Bescheiden verbetering bedrijven op mensenrechten

Gepubliceerd op: 15 november 2019

De prestaties van bedrijven in sectoren waar het risico bestaat op betrokkenheid bij mensenrechtenschendingen zijn iets verbeterd.

 

Sinds de lancering van de Corporate Human Rights Benchmark (CHRB) in 2017 is driekwart van de onderzochte bedrijven beter rekening gaan houden met mensenrechten. APG gebruikt de uitkomsten om met bedrijven in gesprek te gaan over mensenrechten.

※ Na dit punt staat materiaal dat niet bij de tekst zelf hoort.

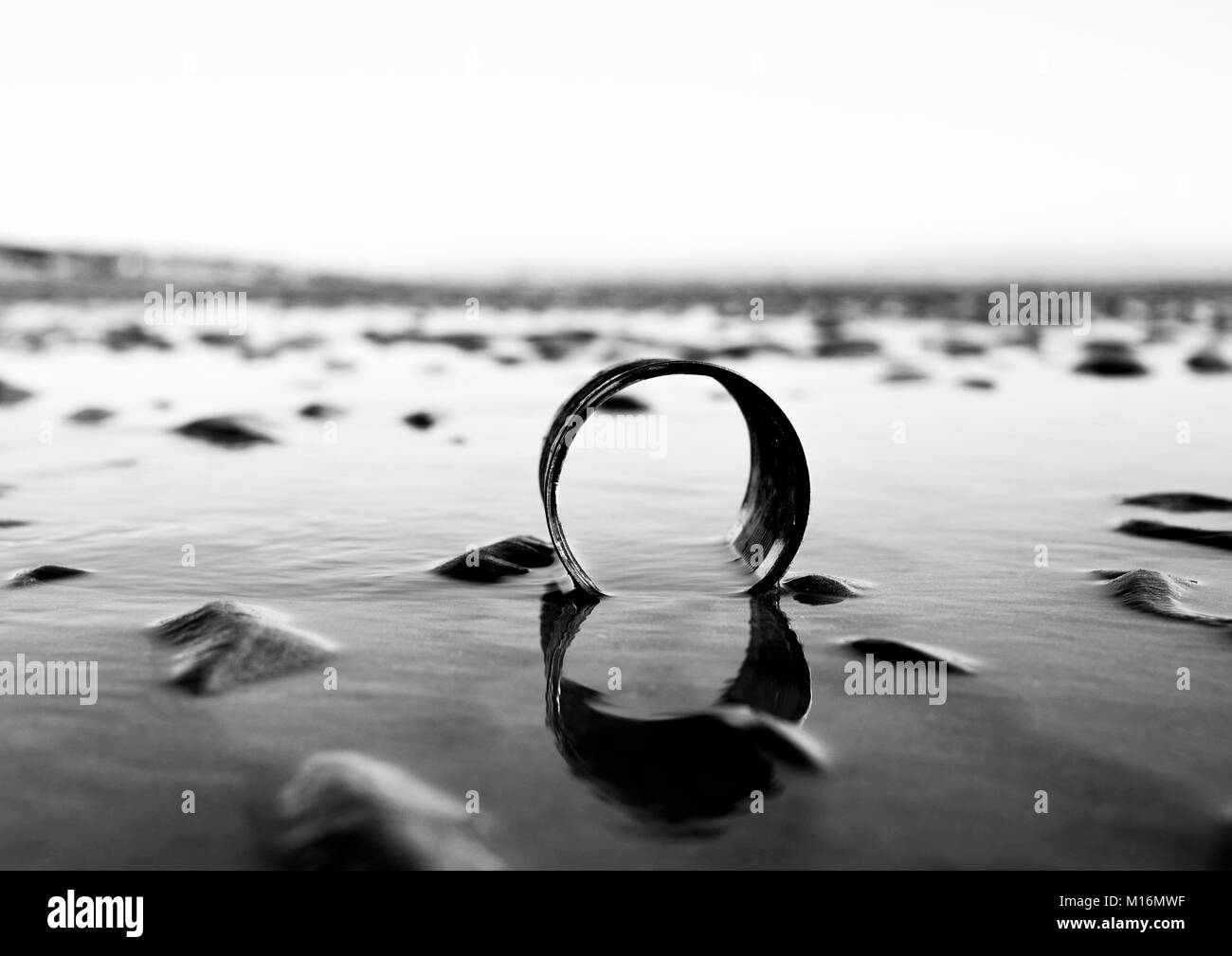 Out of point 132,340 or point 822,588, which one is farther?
point 132,340

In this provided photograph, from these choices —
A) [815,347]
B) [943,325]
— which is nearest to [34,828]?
[815,347]

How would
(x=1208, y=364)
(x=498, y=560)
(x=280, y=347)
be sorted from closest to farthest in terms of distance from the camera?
1. (x=498, y=560)
2. (x=1208, y=364)
3. (x=280, y=347)

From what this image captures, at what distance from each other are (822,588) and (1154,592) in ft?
3.09

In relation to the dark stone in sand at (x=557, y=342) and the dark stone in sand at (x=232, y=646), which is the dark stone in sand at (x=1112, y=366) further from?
the dark stone in sand at (x=232, y=646)

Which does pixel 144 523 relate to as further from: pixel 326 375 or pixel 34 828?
pixel 326 375

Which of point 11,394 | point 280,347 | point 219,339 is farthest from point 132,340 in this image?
point 11,394

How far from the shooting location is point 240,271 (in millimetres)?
66562

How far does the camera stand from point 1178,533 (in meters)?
3.61

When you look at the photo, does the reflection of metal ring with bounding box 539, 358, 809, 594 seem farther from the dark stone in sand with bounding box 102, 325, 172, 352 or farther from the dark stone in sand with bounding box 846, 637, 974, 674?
the dark stone in sand with bounding box 102, 325, 172, 352

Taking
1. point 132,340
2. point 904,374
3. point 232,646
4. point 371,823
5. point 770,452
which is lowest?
point 371,823

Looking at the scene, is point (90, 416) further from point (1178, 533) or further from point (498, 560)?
point (1178, 533)

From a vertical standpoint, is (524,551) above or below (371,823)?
above

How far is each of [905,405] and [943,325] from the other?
1333 centimetres

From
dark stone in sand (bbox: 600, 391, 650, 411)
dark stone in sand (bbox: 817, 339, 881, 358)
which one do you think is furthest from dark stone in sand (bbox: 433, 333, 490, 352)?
dark stone in sand (bbox: 600, 391, 650, 411) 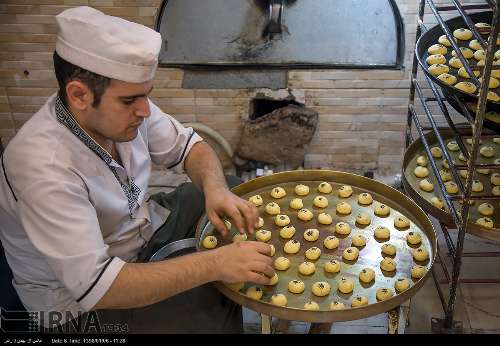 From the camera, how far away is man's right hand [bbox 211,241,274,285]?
1.86 meters

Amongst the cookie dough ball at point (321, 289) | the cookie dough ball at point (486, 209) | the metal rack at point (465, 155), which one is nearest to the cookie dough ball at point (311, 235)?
the cookie dough ball at point (321, 289)

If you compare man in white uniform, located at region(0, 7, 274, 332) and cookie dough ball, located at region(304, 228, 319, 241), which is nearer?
man in white uniform, located at region(0, 7, 274, 332)

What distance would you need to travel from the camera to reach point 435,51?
2619 millimetres

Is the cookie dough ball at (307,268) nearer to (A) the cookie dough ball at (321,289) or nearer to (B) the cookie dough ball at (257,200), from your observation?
(A) the cookie dough ball at (321,289)

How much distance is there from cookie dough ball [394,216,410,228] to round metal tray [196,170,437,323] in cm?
2

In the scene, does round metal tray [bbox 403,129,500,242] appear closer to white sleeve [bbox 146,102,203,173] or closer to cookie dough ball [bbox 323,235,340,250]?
cookie dough ball [bbox 323,235,340,250]

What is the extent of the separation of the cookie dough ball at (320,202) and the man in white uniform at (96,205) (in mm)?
357

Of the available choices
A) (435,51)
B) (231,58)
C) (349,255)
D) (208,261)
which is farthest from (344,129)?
(208,261)

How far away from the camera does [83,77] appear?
187cm

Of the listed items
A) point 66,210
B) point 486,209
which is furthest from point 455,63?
point 66,210

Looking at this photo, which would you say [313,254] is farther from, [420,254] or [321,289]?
[420,254]

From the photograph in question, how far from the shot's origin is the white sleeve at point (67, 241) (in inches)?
70.7

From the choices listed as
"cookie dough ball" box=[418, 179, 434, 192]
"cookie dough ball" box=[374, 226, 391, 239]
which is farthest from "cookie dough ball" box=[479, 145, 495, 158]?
"cookie dough ball" box=[374, 226, 391, 239]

Een klein aantal bedrijven doet het opmerkelijk goed in de jaarlijkse ranglijst, die vrijdag in Londen voor de derde keer werd gepubliceerd. Adidas (kleding), Unilever en Marks & Spencer (landbouw en voeding) en Rio Tinto (grondstoffen) geven elk in hun sector de toon aan. Ook zijn er bedrijven die sinds de lancering van de index in 2017 hun prestaties op het gebied van mensenrechten behoorlijk hebben verbeterd. Voorbeelden zijn Inditex (bekend van kledingmerk Zara), Heineken en Repsol.

 

Op de goede weg
De bedrijven die goed presteren, laten zien dat bedrijven concurrerend kunnen zijn en tegelijkertijd werk kunnen maken van de mensenrechten”, zegt Anna Pot, Manager Responsible Investments US bij APG Asset Management. “We zien bedrijven die beter presteren als het om mensenrechten gaat en opener zijn over hun inspanningen en dilemma’s. Ook maakt respect voor mensenrechten bij een toenemend aantal bedrijven deel uit van de strategie. We zijn dus op de goede weg en moeten hiermee doorgaan.”

 

Niet achterover leunen
Enkele toonaangevende bedrijven hebben dus behoorlijke vooruitgang geboekt, maar dat is geen reden om achterover te leunen, stelt Pot. “Meer dan de helft van de onderzochte bedrijven voldoet niet  aan de Guiding Principles on Business and Human Rights (UNGP) van de Verenigde Naties. Achterblijvende bedrijven moeten meer onder druk worden gezet om actie te ondernemen, vooral als het gaat om het opsporen en onderzoeken van mensenrechtenschendingen.” 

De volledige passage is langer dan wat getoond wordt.